LES 8 DIAGRAMMES DE WU LANG

Titre: Eight Diagram Pole Fighter
ou: Invincible Pole Fighter
Réalisateur: Liu Chia-liang
Interprètes: Gordon Liu

 

Alexander Fu Sheng
Lily Li
Wang Yu
Hsiao Hou
Philip Ko
Liu Chia Liang
Année: 1984
Genre: Kung Fu
Pays: Hong Kong
Editeur Wild Side
Violence: * * * *
Erotisme: *
Suite:  

80 %

Résumé:

 

 

Critique:

Liu Chia-liang livre ici un classique barbare et violent du cinéma martial. Dès le départ, le ton désespéré est donné; un père et ses sept fils affrontent des dizaines d'adversaires et succombent dans le sang. Seuls deux des fils vont survivre (Fu Sheng et Gordon Liu). Déshonorée, la famille Yang se doit de se venger. Fu Sheng sombre dans la folie et c'est Gordon Liu qui va devoir combattre les infâmes traîtres. Fu Sheng est décédé durant le tournage, d'où ce recentrage de l'intrigue et ce curieux film hommage. Liu échoue dans un temple mais il ne peut devenir moine et va devoir montrer toute sa détermination et son courage, allant jusqu'à se raser la tête au sang avant de se marquer des trois points en utilisant des bâtons d'encens brûlants.

Vient alors la scène mémorable du combat à l'entraînement des moines contre des sculptures en bois représentant de féroces loups. Gordon Liu va utiliser et perfectionner sa technique du bâton pour triompher de l'épreuve.

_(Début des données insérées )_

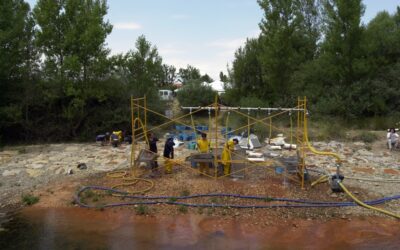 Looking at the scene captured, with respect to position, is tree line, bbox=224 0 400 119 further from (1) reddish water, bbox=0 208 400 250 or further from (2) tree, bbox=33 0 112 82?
(1) reddish water, bbox=0 208 400 250

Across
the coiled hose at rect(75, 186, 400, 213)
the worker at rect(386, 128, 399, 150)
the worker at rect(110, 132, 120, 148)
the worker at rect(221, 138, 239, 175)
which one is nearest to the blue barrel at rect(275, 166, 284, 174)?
the worker at rect(221, 138, 239, 175)

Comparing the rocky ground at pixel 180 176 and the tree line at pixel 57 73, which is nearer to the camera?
the rocky ground at pixel 180 176

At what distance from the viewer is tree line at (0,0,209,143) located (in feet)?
66.6

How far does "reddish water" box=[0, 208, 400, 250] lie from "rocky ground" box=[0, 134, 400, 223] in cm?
63

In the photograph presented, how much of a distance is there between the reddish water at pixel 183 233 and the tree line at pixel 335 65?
1639cm

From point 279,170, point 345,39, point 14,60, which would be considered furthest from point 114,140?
point 345,39

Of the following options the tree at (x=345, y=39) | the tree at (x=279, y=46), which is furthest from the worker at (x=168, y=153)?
the tree at (x=345, y=39)

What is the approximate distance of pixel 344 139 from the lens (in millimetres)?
18750

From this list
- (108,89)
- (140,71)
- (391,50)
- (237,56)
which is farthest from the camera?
(237,56)

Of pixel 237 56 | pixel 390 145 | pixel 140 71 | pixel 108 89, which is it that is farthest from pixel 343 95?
pixel 108 89

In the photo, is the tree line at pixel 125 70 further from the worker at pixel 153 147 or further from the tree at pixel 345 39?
the worker at pixel 153 147

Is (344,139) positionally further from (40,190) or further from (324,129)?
(40,190)

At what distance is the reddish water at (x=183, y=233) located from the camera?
7938 mm

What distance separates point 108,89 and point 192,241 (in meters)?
15.6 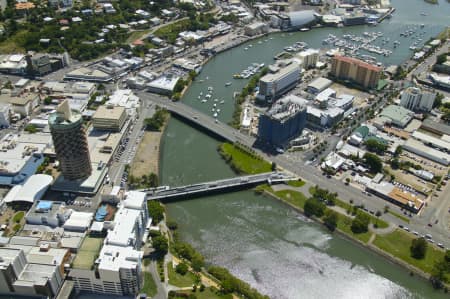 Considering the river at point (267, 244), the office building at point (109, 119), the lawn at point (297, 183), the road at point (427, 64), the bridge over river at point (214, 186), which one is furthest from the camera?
the road at point (427, 64)

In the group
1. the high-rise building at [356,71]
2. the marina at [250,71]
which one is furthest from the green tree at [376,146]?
the marina at [250,71]

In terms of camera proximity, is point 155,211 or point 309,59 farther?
point 309,59

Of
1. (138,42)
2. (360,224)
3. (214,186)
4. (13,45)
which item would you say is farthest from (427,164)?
(13,45)

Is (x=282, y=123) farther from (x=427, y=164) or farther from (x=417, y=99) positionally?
(x=417, y=99)

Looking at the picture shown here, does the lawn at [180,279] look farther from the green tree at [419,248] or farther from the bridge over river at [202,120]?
the bridge over river at [202,120]

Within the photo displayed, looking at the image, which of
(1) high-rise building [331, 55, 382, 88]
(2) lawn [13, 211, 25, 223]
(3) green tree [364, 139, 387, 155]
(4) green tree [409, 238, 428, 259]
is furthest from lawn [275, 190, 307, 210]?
(1) high-rise building [331, 55, 382, 88]

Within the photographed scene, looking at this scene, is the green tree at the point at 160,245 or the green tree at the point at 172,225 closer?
the green tree at the point at 160,245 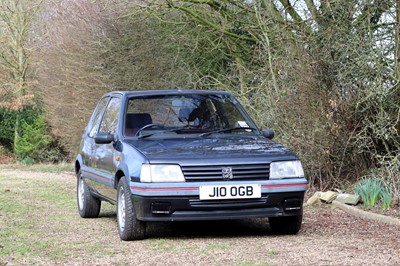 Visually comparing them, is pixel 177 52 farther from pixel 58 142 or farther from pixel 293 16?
pixel 58 142

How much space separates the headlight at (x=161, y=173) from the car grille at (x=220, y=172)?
69 mm

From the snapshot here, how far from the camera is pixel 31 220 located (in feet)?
38.0

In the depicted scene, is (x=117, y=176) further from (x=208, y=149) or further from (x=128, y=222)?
(x=208, y=149)

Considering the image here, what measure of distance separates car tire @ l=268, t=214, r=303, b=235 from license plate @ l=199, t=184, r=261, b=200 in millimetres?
671

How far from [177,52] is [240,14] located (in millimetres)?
3255

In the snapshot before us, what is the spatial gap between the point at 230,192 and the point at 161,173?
708 millimetres

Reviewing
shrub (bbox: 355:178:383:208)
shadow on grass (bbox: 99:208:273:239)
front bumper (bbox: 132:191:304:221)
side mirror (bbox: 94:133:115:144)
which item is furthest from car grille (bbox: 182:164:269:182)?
shrub (bbox: 355:178:383:208)

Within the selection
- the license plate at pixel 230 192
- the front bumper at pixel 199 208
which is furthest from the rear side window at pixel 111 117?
the license plate at pixel 230 192

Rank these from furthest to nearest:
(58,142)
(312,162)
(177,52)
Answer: (58,142), (177,52), (312,162)

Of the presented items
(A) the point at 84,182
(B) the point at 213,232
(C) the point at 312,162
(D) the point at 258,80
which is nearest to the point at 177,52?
(D) the point at 258,80

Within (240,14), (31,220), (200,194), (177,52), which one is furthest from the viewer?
(177,52)

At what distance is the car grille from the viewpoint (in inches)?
348

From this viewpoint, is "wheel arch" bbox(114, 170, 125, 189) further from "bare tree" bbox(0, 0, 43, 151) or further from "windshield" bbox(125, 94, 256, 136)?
"bare tree" bbox(0, 0, 43, 151)

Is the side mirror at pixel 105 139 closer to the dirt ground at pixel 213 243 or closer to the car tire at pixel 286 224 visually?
the dirt ground at pixel 213 243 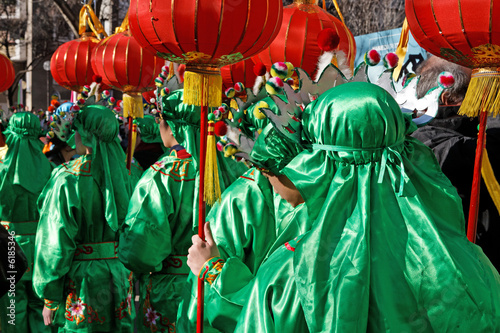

Malgré cette intermède, Liu ne peut trouver la voie de la paix intérieure et seule la vengeance pourra apaiser son esprit. Un final qui verse dans la violence pure, avec des effets gore certes un peu outrés mais néanmoins secouant: dents arrachées à coups de bâton ou plantées sur un crâne, corps brisés et ensanglantés par les coups, etc.

Alors que la plupart des oeuvres de Liu Chia-liang sont pures, dénuées de violences et orientées vers la comédie, l'optimisme et la philosophie apaisées (voir les sentences de Challenge of the Masters), ce métrage surprend. Peut-être influencé par la mort de son ami Fu Sheng, le cinéaste se lance dans un déchaînement de barbarie sanguinaire.

Tourné dans des décors de studios typiques, le métrage se permet quelques scènes dont l'aspect outré et théâtralisé à l'extrême passe assez mal. Mais ce ne sont que de menus défauts et l'ensemble enterre, par son énergie et sa puissance, la plupart des kung fu de la même époque. Les combats deviennent plus rapides, plus aériens et plus violents au fur et à mesure du métrage pour culminer sur un affrontement final totalement monstrueux qui demeure un des plus grands moments de toute l'histoire du cinéma martial.

Construit sur un scénario habile mais simple, traversé de combats extraordinaires et d'une violence bien réelle, Eight Diagram Pole Fighter constitue une grande réussite d'un grand cinéaste. Sanctionné par un échec commercial totalement injuste (mais prévisible en 1984, époque du triomphe de la comédie kung-fu lancée par Jackie Chan), il fut responsable de la chute définitive de la Shaw Brothers. Dont il reste pourtant, sans doute, le dernier chef d'oeuvre incontestable.